L'Explication Prémisse
Cet article explique qui, parmi les ascendants (parents, grands‑parents, etc.), hérite quand il n’y a pas de descendance. On regarde séparément chaque branche familiale (branche paternelle et branche maternelle) : dans chaque branche, seul l’ascendant le plus proche (le degré le plus bas) est appelé à succéder. Si plusieurs ascendants sont au même degré dans une branche (par exemple les deux grands‑parents maternels), ils partagent la succession de cette branche « par tête » (chacun reçoit une part égale). Et si une branche n’a pas d’ascendant vivant, tous les ascendants de l’autre branche recueillent l’ensemble de la succession.
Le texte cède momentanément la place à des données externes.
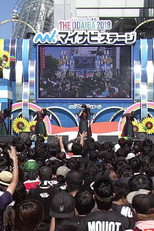 BiSH: Mezamashi Summer Live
Exemple concret : Sophie meurt sans enfant ni conjoint. Du côté paternel, son père (Marc) est vivant. Du côté maternel, ses deux grands‑parents (Anne et Paul) sont vivants mais sa mère est décédée. Selon l’article 748 : dans la branche paternelle, l’ascendant le plus proche est Marc (le père) ; dans la branche maternelle, les ascendants au même degré sont Anne et Paul, qui succèdent par tête (ils se partagent la part de la branche maternelle). Si, au contraire, Marc était décédé et qu’il n’y avait personne du côté paternel, Anne et Paul recueilleraient toute la succession.
- On considère deux branches : paternelle et maternelle.
- Dans chaque branche, seul l’ascendant au degré le plus proche hérite (exclusion des autres ascendants de la même branche).
- Si plusieurs ascendants sont au même degré dans une branche, ils succèdent par tête (parts égales entre eux).
- Si une branche ne comporte aucun ascendant vivant, les ascendants de l’autre branche héritent de la totalité.
- « Degré » = proximité de parenté (parent = degré le plus proche, puis grands‑parents, etc.).